Barshai and his faithful Indian companions set off at a thoroughly jolly trot, opposing a sunny flute to the icy pricklings of glockenspiel, and setting a thoroughly amiable tone for the entire first movement. The tune is remarkably reminiscent of the DSCH-based main subject of the first movement of the First Cello Concerto, a theme which had already resurfaced in the Eighth Quartet. Here it is utterly, uncomplicatedly merry: freed of its former political undertones, it expands under Barshai’s fatherly guidance into Shostakovich’s putative “toyshop”. The whole movement is delightfully done, every corner of the WDRSO, including the considerable “kitchen”, enjoying the youthful romp – I warmed especially to the trumpet, whose poco inebrioso quasi Prokofiev sounds like little Johnny has sampled something from the sideboard that Daddy should have kept in a safer hidey-hole! There’s also some gorgeously rumbustious playing, notably from those lower strings, but nothing is allowed to threaten the childlike mood: even the main climax, in its outline, weight and tone harks back not to anger or anguish past, but to the youthful impetuosity of the Second Piano Concerto. Tellingly, just before this jubilation comes another significant reminiscence of Shostakovich’s own youth, as he reproduces in the strings the effect of that extraordinary, layered “miasma” of the experimental Second Symphony. Then, almost at the end, hot on the heels of a circus band march-past he does it again, only this time chattering on the lighter woodwind and percussion, for all the world like kids playing with grown-up toys.

Whereas the first movement looked back at the Good Old Days (the accent being firmly on the “Good”), the second looks forward less than optimistically to what the future holds. The WDRSO’s brass lean wearily on the straining dissonances of their chorale, the solo cello struggles up from the depths of its rocking-chair only to lament, the solo trombone is all but drained of energy and expression. The solo violin aspires momentarily, but is cut off by toneless (or intoneless!) dead-sounding woodwind chords, reminiscent of the chords in the coda of Strauss’ Also Sprach Zarathustra or (and here’s a thought!) those famous “self-cancelling” chords of Stravinsky’s. When I say it sounds dreadful, that’s not a complaint but a compliment! Curiously, when the trombone does stir itself into something approaching a tune, to the accompaniment of a suitably leaden tuba, it emerges as something of a dirge-variant of Waltzin’ Matilda (this surely is accidental?!). The violin again sings with affecting sweetness, but is again confounded by those negating woodwind (one of the curiosities about growing older is that our minds, remaining forever “sweet sixteen”, can’t understand why the body creaks and groans at even the most trivial demands). It’s too much; warping the once proud and defiant DSCH into an agonised, plunging SDCH, the dirge spills over into massive mortification that is hammered home to horribly enervating effect. Only exhaustion can follow: strangulated muted trumpets, halting string phrases like glimmering red embers, lifeless plunkings of celeste, a dull and broken tattoo of tympani. Sure, I’ve heard this movement played with more outright intensity than this, but for me Barshai scores in avoiding that extreme. He seems to be very much aware that this is “terminal” music, even in the embittered climax which in his hands becomes like the abortive flare of a dying sun, shedding the remnants of its light into an uncaring universe.

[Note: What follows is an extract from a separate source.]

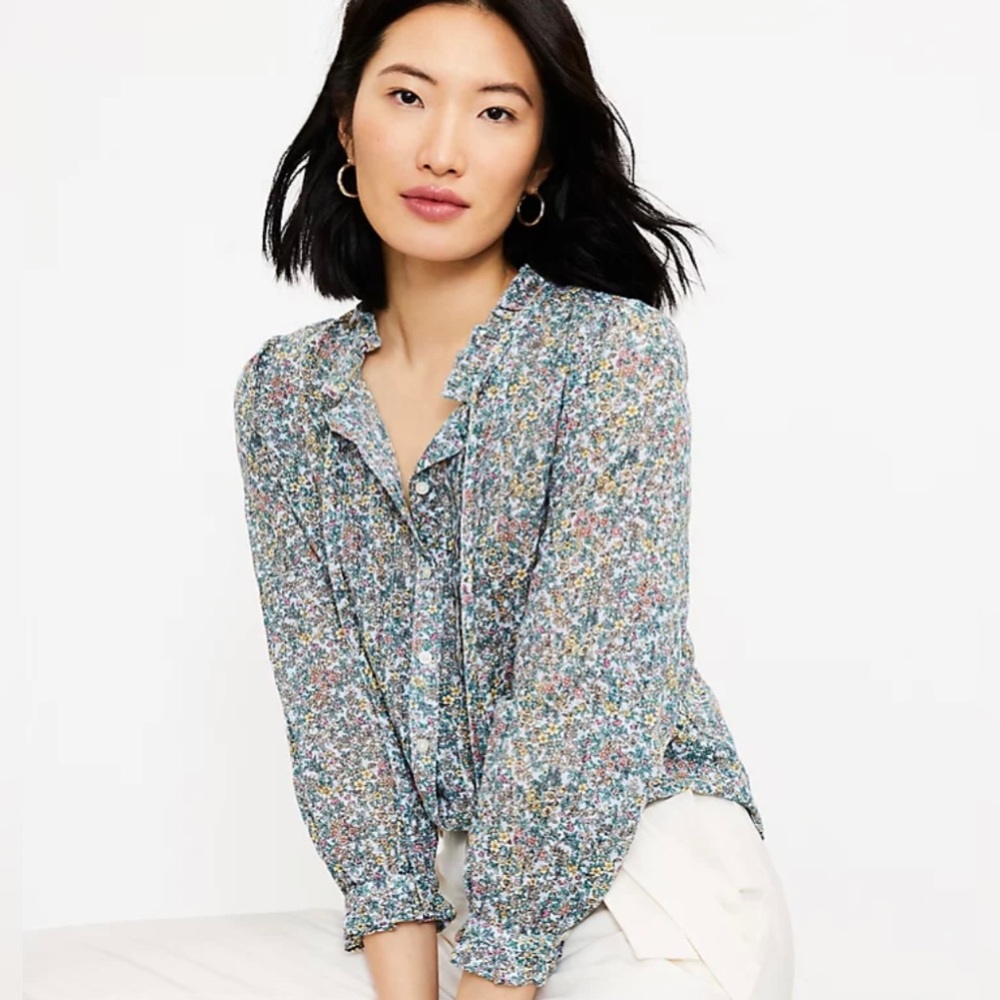 Garden Pin tucked Tie Neck Blouse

The ensuing short allegretto sounds a bit brighter, with its almost pointillist chamber-music scoring delectably dotted by the players. The tune skips upwards, then turns on its head and skips downwards, getting nowhere fast. In keeping the pace leisurely, the tempo metronomic, and the dynamics subdued, Barshai finds an eerie, haunted quality, carrying something of the feeling of “Death takes the Fiddle”, helped out more than a little by some splendidly scrawny playing (quite deliberate, I’m sure!). My gut feelings are that this symphony is stuffed to the gunnels with self-quotations, and my intestines are just as sure that as yet I haven’t spotted 99% of them. Nevertheless I’d lay odds that the grotesque downward trombone slides, leerily relished by the WDRSO first trombone, are a reference to the comical detumescence of the sated Sergei in Scene 3 of Lady MacBeth. If so, then here they ram home the prevailing impression of failing potency, as do the dislocated clatterings of the percussion – the WDRSO can-bangers, captured in great detail by the recording, create a convincing “clock with a dicky ticker”.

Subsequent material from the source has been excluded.